- **RECORDS FOR PROCESSING**:
§ §

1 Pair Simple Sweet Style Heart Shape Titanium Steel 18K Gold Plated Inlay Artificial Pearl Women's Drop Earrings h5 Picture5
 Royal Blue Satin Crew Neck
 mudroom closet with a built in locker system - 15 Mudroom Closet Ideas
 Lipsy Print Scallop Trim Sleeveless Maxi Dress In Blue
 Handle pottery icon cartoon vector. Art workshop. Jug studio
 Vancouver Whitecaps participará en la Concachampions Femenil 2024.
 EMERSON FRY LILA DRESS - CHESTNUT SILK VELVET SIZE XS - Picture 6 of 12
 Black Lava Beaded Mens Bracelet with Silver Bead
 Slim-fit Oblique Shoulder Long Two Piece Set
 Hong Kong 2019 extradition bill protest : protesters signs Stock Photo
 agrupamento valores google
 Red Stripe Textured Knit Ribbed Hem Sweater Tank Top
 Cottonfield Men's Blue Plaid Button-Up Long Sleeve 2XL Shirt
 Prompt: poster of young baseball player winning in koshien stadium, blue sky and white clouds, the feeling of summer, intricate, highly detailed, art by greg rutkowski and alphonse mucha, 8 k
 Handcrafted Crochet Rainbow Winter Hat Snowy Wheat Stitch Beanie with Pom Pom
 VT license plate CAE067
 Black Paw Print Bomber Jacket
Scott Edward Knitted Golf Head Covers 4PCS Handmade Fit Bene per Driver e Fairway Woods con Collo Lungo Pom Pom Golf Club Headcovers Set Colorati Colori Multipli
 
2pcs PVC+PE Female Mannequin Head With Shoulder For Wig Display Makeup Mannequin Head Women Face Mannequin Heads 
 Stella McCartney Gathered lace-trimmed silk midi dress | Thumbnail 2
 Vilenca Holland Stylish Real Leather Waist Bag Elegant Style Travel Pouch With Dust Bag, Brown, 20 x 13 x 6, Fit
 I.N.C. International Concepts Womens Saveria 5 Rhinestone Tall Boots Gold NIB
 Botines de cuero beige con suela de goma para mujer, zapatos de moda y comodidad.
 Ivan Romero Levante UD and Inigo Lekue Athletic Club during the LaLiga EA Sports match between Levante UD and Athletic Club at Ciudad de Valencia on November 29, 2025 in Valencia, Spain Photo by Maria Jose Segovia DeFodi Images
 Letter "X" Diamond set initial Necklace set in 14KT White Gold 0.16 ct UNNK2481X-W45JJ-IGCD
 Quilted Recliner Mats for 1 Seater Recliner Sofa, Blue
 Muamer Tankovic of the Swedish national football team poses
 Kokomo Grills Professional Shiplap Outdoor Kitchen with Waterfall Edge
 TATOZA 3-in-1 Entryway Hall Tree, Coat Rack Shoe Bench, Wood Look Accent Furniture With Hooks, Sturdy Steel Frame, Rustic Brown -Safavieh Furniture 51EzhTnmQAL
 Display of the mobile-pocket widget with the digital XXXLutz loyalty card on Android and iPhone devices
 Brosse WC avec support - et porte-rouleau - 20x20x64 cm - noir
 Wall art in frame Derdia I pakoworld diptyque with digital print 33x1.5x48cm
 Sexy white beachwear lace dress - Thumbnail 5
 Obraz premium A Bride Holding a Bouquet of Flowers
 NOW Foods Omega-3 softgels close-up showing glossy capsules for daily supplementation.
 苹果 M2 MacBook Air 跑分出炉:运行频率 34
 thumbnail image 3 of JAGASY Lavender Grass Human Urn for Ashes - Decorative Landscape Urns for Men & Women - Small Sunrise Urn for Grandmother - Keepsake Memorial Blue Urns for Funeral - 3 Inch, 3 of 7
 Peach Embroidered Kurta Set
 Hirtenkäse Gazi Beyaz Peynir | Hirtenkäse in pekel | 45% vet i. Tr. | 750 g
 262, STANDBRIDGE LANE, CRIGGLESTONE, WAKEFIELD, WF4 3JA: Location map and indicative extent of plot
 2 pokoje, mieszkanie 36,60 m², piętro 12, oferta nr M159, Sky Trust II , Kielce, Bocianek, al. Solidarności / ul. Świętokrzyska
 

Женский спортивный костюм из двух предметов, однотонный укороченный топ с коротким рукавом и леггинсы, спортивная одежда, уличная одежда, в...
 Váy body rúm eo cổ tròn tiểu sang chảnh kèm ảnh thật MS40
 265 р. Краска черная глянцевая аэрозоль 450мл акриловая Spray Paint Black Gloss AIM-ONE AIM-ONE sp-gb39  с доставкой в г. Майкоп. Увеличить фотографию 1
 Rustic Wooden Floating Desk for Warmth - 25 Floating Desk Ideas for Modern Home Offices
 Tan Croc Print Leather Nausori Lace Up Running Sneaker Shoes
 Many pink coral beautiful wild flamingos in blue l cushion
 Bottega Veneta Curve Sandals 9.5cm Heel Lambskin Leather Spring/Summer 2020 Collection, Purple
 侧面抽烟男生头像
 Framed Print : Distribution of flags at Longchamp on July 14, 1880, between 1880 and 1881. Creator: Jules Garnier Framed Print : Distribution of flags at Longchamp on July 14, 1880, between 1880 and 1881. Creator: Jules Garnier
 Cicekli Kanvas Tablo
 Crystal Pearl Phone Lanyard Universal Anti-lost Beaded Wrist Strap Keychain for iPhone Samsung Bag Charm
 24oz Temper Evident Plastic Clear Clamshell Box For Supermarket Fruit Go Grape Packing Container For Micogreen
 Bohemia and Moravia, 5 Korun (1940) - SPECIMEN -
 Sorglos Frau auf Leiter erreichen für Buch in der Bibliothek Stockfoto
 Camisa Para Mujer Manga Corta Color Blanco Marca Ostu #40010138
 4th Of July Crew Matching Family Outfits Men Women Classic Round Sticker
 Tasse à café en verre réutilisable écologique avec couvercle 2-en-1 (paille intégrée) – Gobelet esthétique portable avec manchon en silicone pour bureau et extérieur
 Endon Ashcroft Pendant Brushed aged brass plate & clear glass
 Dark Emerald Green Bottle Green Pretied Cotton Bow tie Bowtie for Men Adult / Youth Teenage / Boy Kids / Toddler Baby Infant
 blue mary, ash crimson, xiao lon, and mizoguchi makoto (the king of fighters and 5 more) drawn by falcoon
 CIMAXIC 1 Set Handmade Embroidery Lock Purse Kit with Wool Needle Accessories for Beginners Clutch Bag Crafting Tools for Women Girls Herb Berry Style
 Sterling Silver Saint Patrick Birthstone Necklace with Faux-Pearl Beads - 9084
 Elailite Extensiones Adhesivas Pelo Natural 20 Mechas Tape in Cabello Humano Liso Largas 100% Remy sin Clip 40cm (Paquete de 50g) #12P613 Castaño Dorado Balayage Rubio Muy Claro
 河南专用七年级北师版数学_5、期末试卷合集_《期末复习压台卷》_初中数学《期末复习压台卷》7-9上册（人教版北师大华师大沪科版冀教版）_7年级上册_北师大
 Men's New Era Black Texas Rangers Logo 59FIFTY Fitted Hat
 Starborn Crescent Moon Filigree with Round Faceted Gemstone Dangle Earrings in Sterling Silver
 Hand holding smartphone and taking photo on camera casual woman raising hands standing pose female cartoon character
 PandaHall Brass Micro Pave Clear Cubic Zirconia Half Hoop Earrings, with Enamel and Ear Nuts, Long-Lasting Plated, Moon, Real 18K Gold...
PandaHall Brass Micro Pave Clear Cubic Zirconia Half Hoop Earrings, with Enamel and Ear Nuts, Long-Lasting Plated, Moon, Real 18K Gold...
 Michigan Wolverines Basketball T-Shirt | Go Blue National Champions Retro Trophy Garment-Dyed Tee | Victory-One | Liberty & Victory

§ §

Copy out each record from above, exactly.

1 Pair Simple Sweet Style Heart Shape Titanium Steel 18K Gold Plated Inlay Artificial Pearl Women's Drop Earrings h5 Picture5
 Royal Blue Satin Crew Neck
 mudroom closet with a built in locker system - 15 Mudroom Closet Ideas
 Lipsy Print Scallop Trim Sleeveless Maxi Dress In Blue
 Handle pottery icon cartoon vector. Art workshop. Jug studio
 Vancouver Whitecaps participará en la Concachampions Femenil 2024.
 EMERSON FRY LILA DRESS - CHESTNUT SILK VELVET SIZE XS - Picture 6 of 12
 Black Lava Beaded Mens Bracelet with Silver Bead
 Slim-fit Oblique Shoulder Long Two Piece Set
 Hong Kong 2019 extradition bill protest : protesters signs Stock Photo
 agrupamento valores google
 Red Stripe Textured Knit Ribbed Hem Sweater Tank Top
 Cottonfield Men's Blue Plaid Button-Up Long Sleeve 2XL Shirt
 Prompt: poster of young baseball player winning in koshien stadium, blue sky and white clouds, the feeling of summer, intricate, highly detailed, art by greg rutkowski and alphonse mucha, 8 k
 Handcrafted Crochet Rainbow Winter Hat Snowy Wheat Stitch Beanie with Pom Pom
 VT license plate CAE067
 Black Paw Print Bomber Jacket
Scott Edward Knitted Golf Head Covers 4PCS Handmade Fit Bene per Driver e Fairway Woods con Collo Lungo Pom Pom Golf Club Headcovers Set Colorati Colori Multipli
 
2pcs PVC+PE Female Mannequin Head With Shoulder For Wig Display Makeup Mannequin Head Women Face Mannequin Heads 
 Stella McCartney Gathered lace-trimmed silk midi dress | Thumbnail 2
 Vilenca Holland Stylish Real Leather Waist Bag Elegant Style Travel Pouch With Dust Bag, Brown, 20 x 13 x 6, Fit
 I.N.C. International Concepts Womens Saveria 5 Rhinestone Tall Boots Gold NIB
 Botines de cuero beige con suela de goma para mujer, zapatos de moda y comodidad.
 Ivan Romero Levante UD and Inigo Lekue Athletic Club during the LaLiga EA Sports match between Levante UD and Athletic Club at Ciudad de Valencia on November 29, 2025 in Valencia, Spain Photo by Maria Jose Segovia DeFodi Images
 Letter "X" Diamond set initial Necklace set in 14KT White Gold 0.16 ct UNNK2481X-W45JJ-IGCD
 Quilted Recliner Mats for 1 Seater Recliner Sofa, Blue
 Muamer Tankovic of the Swedish national football team poses
 Kokomo Grills Professional Shiplap Outdoor Kitchen with Waterfall Edge
 TATOZA 3-in-1 Entryway Hall Tree, Coat Rack Shoe Bench, Wood Look Accent Furniture With Hooks, Sturdy Steel Frame, Rustic Brown -Safavieh Furniture 51EzhTnmQAL
 Display of the mobile-pocket widget with the digital XXXLutz loyalty card on Android and iPhone devices
 Brosse WC avec support - et porte-rouleau - 20x20x64 cm - noir
 Wall art in frame Derdia I pakoworld diptyque with digital print 33x1.5x48cm
 Sexy white beachwear lace dress - Thumbnail 5
 Obraz premium A Bride Holding a Bouquet of Flowers
 NOW Foods Omega-3 softgels close-up showing glossy capsules for daily supplementation.
 苹果 M2 MacBook Air 跑分出炉:运行频率 34
 thumbnail image 3 of JAGASY Lavender Grass Human Urn for Ashes - Decorative Landscape Urns for Men & Women - Small Sunrise Urn for Grandmother - Keepsake Memorial Blue Urns for Funeral - 3 Inch, 3 of 7
 Peach Embroidered Kurta Set
 Hirtenkäse Gazi Beyaz Peynir | Hirtenkäse in pekel | 45% vet i. Tr. | 750 g
 262, STANDBRIDGE LANE, CRIGGLESTONE, WAKEFIELD, WF4 3JA: Location map and indicative extent of plot
 2 pokoje, mieszkanie 36,60 m², piętro 12, oferta nr M159, Sky Trust II , Kielce, Bocianek, al. Solidarności / ul. Świętokrzyska
 

Женский спортивный костюм из двух предметов, однотонный укороченный топ с коротким рукавом и леггинсы, спортивная одежда, уличная одежда, в...
 Váy body rúm eo cổ tròn tiểu sang chảnh kèm ảnh thật MS40
 265 р. Краска черная глянцевая аэрозоль 450мл акриловая Spray Paint Black Gloss AIM-ONE AIM-ONE sp-gb39  с доставкой в г. Майкоп. Увеличить фотографию 1
 Rustic Wooden Floating Desk for Warmth - 25 Floating Desk Ideas for Modern Home Offices
 Tan Croc Print Leather Nausori Lace Up Running Sneaker Shoes
 Many pink coral beautiful wild flamingos in blue l cushion
 Bottega Veneta Curve Sandals 9.5cm Heel Lambskin Leather Spring/Summer 2020 Collection, Purple
 侧面抽烟男生头像
 Framed Print : Distribution of flags at Longchamp on July 14, 1880, between 1880 and 1881. Creator: Jules Garnier Framed Print : Distribution of flags at Longchamp on July 14, 1880, between 1880 and 1881. Creator: Jules Garnier
 Cicekli Kanvas Tablo
 Crystal Pearl Phone Lanyard Universal Anti-lost Beaded Wrist Strap Keychain for iPhone Samsung Bag Charm
 24oz Temper Evident Plastic Clear Clamshell Box For Supermarket Fruit Go Grape Packing Container For Micogreen
 Bohemia and Moravia, 5 Korun (1940) - SPECIMEN -
 Sorglos Frau auf Leiter erreichen für Buch in der Bibliothek Stockfoto
 Camisa Para Mujer Manga Corta Color Blanco Marca Ostu #40010138
 4th Of July Crew Matching Family Outfits Men Women Classic Round Sticker
 Tasse à café en verre réutilisable écologique avec couvercle 2-en-1 (paille intégrée) – Gobelet esthétique portable avec manchon en silicone pour bureau et extérieur
 Endon Ashcroft Pendant Brushed aged brass plate & clear glass
 Dark Emerald Green Bottle Green Pretied Cotton Bow tie Bowtie for Men Adult / Youth Teenage / Boy Kids / Toddler Baby Infant
 blue mary, ash crimson, xiao lon, and mizoguchi makoto (the king of fighters and 5 more) drawn by falcoon
 CIMAXIC 1 Set Handmade Embroidery Lock Purse Kit with Wool Needle Accessories for Beginners Clutch Bag Crafting Tools for Women Girls Herb Berry Style
 Sterling Silver Saint Patrick Birthstone Necklace with Faux-Pearl Beads - 9084
 Elailite Extensiones Adhesivas Pelo Natural 20 Mechas Tape in Cabello Humano Liso Largas 100% Remy sin Clip 40cm (Paquete de 50g) #12P613 Castaño Dorado Balayage Rubio Muy Claro
 河南专用七年级北师版数学_5、期末试卷合集_《期末复习压台卷》_初中数学《期末复习压台卷》7-9上册（人教版北师大华师大沪科版冀教版）_7年级上册_北师大
 Men's New Era Black Texas Rangers Logo 59FIFTY Fitted Hat
 Starborn Crescent Moon Filigree with Round Faceted Gemstone Dangle Earrings in Sterling Silver
 Hand holding smartphone and taking photo on camera casual woman raising hands standing pose female cartoon character
 PandaHall Brass Micro Pave Clear Cubic Zirconia Half Hoop Earrings, with Enamel and Ear Nuts, Long-Lasting Plated, Moon, Real 18K Gold...
PandaHall Brass Micro Pave Clear Cubic Zirconia Half Hoop Earrings, with Enamel and Ear Nuts, Long-Lasting Plated, Moon, Real 18K Gold...
 Michigan Wolverines Basketball T-Shirt | Go Blue National Champions Retro Trophy Garment-Dyed Tee | Victory-One | Liberty & Victory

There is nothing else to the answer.